物価指数や貿易統計は、政府作成統計の中では比較的早く入手できるものだが、それでも実際の変化が生じてからデータが得られるまでに、1ヵ月程度の遅れがある。GDP統計などの高度に加工されたデータだと、速報でも数ヵ月の遅れになる。それに対して、株価データは、数時間の遅れしかない。だから、経済の短期的変動を見るには、まず参照すべきデータだ。株価は、将来の予測も織り込んでいるから、将来の展開を市場がどう評価しているかを知ることもできる。
また、長期的な推移も見ることができる。1990年代以降の日本の株価は長期的な下落を辿っている。また、経済危機後、アメリカの株価は、経済危機以前の水準を取り戻したのに、日本の株価は経済危機前の半分程度だ。これを見ていると、日本経済に基本的な問題があることが分かる。後に述べるように、中国の株価も経済危機後あまり上昇していない。これをどう解釈するかは重要な問題だ。
また、平均株価だけでなく、個別企業の株価のデータも簡単に見ることができる。投資家としては、個別企業の株価が関心のあるデータだろう。私のように、投資には関心がないが経済動向の分析には関心がある者にとっても、個別企業の株価は重要なデータだ。
暫く前までは、株価データを入手するのは、それほど簡単ではなかった。しかし、いまでは、ウエブで簡単にしかも無料で大量のデータをすばやく入手することができる。新聞であれだけの紙面を株価情報の報道に使う必要がどこにあるのか、私はいつも疑問に思っている。
歪んでいる中国の株式市場
中国の統計は、先進国のそれに比べて大変貧弱だ。また、信頼性の面でも問題が多い。そうした状況の中で、貿易統計と株価データは信頼できるデータであり、かなり豊富なデータが手に入る。
ただし、それは、中国の株価データが中国経済の実力を正しく反映しているという意味ではない。政府が戦略産業と見なしている分野は、国有企業によって独占、またはほぼ独占されている。したがって、中国経済の基幹部門・戦略部門は、依然として国有企業によって支配されており、自由な市場経済とは言えない面もある。
また、為替管理もなされている。後で見るように、これを反映して、株式の保有に制限がなされており、株価も複数のものが併存している。これは、自由な株式市場ではありえないものだ。このように、中国の株価は歪んでいる。

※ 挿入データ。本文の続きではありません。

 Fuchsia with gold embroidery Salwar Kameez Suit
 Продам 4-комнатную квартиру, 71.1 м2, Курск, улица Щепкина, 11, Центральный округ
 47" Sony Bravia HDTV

ただし、公式発表や公式統計ほどの歪みはないはずである。例えば失業率の数字は、大幅に過小評価されている。また、GDPの数字も操作されている可能性が高い。経済危機の直後も、電力使用統計との乖離が問題とされたことがあった。
株価については、少なくとも、数字そのものが操作されていることはないだろう。その意味では、貿易統計と並んで、中国経済の動向を最も正確に把握できるデータと言えるわけだ。
中国にはつぎの三つの証券取引所がある。
(1)上海取引所:ここには、エネルギーと金融分野を中心に、大手国有企業が多数上場している。

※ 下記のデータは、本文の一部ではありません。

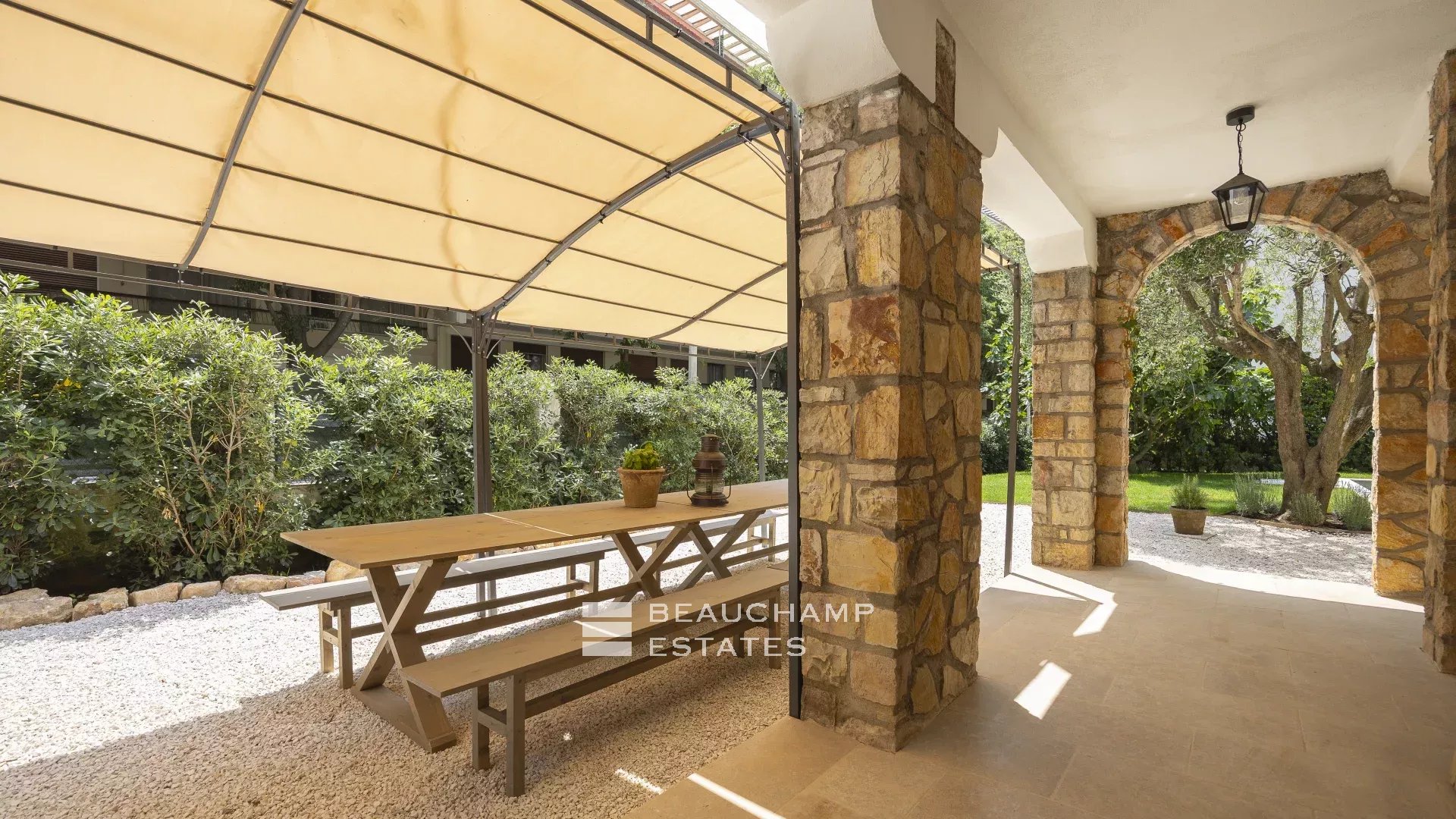 Superbe villa contemporaine avec piscine au cœur de Cannes Superb Renovated Villa with Pool in the Heart of central Cannes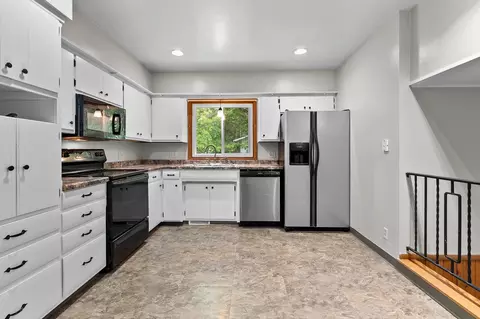 Kitchen - 1618 S Riverdale Dr, Appleton, WI 54914 photo 1 of 3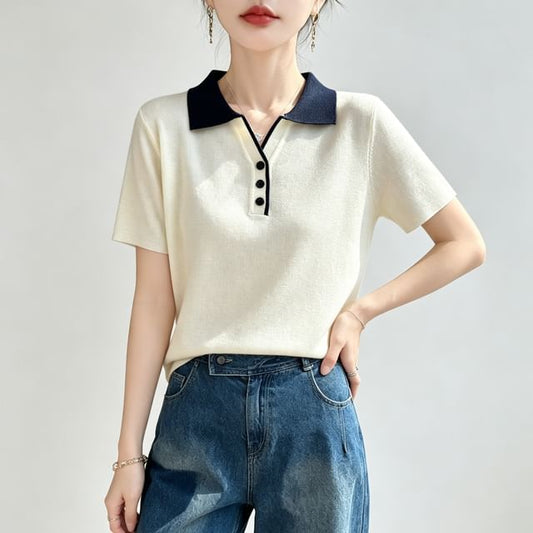 Two-Tone Button Collared Knit Short Sleeve Top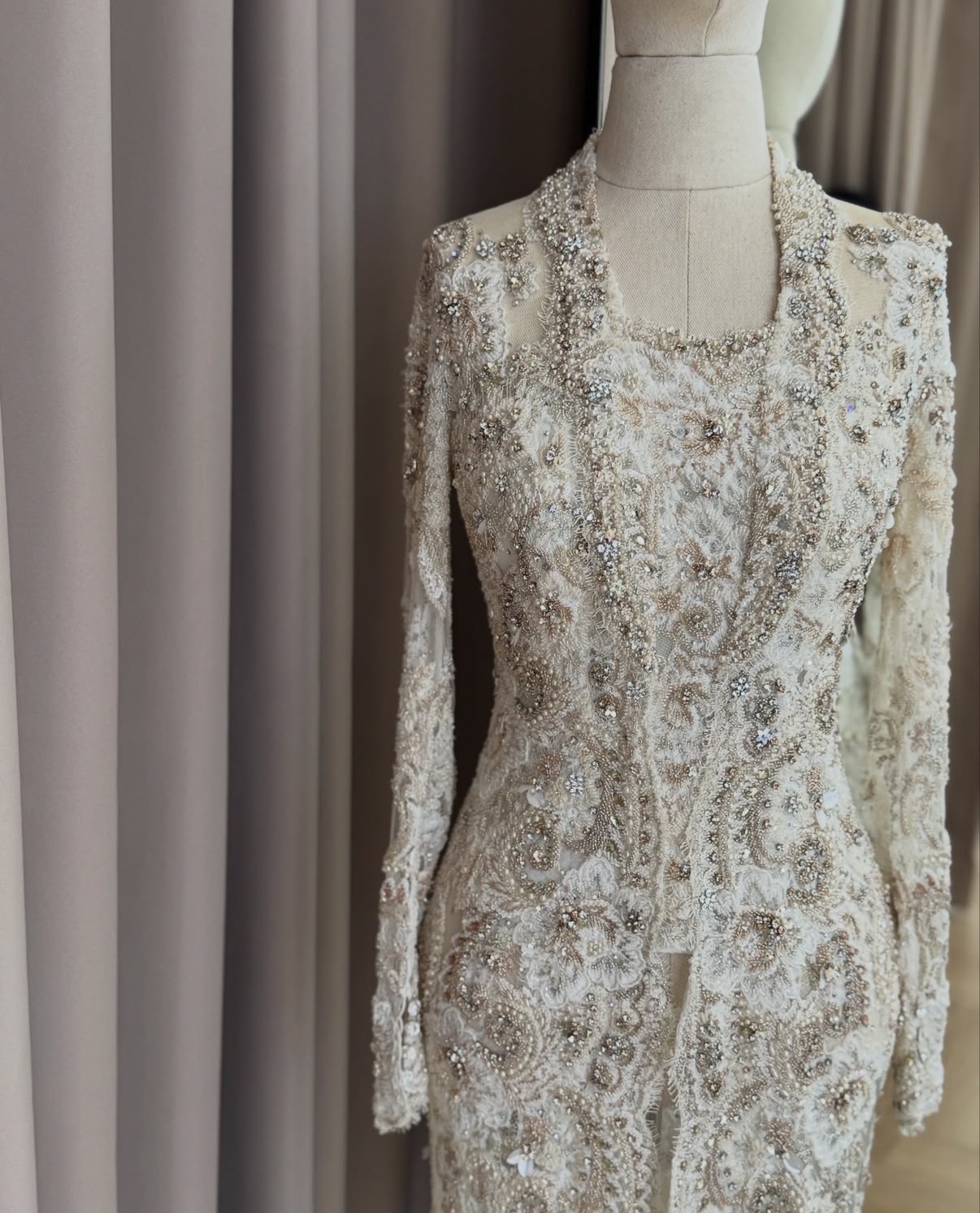 White Kebaya by Vera Kebaya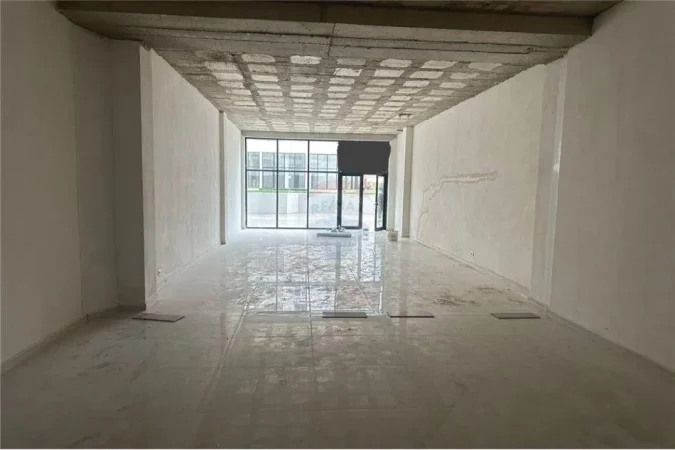 Tirane, jepet me qera Kati 0, 118 m² 650 € (Fusha e Avaiacionit)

(2)深圳市場:ここに上場している企業は、比較的小規模だが、成長率の高い企業だ。
(3)香港取引所:ここには、大手企業が上場する「メインボード」と、中小企業が上場する「GEMボード」がある。
以上を反映して、中国の株価指数にはいくつかのものがある。これについては、後述する。
Yahoo!ファイナンスのサイトは便利
中国の株式データが入手できるインターネットのサイトはいくつかあるが、Yahoo!ファイナンスのサイトが便利だと思う。
その理由は、世界中の主要国にサイトがあり、それぞれの言語で表示されているが、各国がほぼ共通のレイアウトで作られていることだ。だから、日本のサイトを利用している人なら、中国のサイトを開いても、どこに求めるデータがあるかについて、ある程度の見当をつけることができる。
平均株価の他に、個別企業の株価も分かる。どちらについても、時系列データが分かる。チャートにして見ることもできる。また、各企業についての財務情報などの主要データが得られる。さらに、当該企業のサイトを開けば、きわめて詳細なデータが得られる(個別企業のデータについては、後の回で述べる)。
したがって、言葉を読めなくとも、かなりの程度はデータが得られるわけだ。
「财经首页」が「中国のYahoo!ファイナンスのホームページ」である。上で述べたように、日本のサイトとほぼ同じ構成だ。
きわめて多数の項目が示されている。それらの中には、何の予備知識なしにもすぐに読めるものがあるし、ある程度は見当がつくものもある。そうかと思うと、まったく見当がつかない不思議な字もある。面白いのでさまざまな項目を開いていると、振り回されてしまう。「自分は何を知りたいのか」をはっきりと決め、そのデータを得ることに専念するのがよい。
以下では、まず、平均株価を見て、中国経済の全体的な動向を把握することを目的としよう。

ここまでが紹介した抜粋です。